[Given material]
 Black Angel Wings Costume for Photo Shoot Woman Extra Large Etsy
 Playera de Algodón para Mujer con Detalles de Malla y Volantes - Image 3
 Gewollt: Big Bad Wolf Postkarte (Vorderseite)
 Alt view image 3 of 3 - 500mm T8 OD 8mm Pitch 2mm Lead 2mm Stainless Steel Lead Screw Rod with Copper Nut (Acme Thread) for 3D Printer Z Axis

[Prompt] Reproduce every line above, keeping each word exactly as it appears.

[Written response]
 Black Angel Wings Costume for Photo Shoot Woman Extra Large Etsy
 Playera de Algodón para Mujer con Detalles de Malla y Volantes - Image 3
 Gewollt: Big Bad Wolf Postkarte (Vorderseite)
 Alt view image 3 of 3 - 500mm T8 OD 8mm Pitch 2mm Lead 2mm Stainless Steel Lead Screw Rod with Copper Nut (Acme Thread) for 3D Printer Z Axis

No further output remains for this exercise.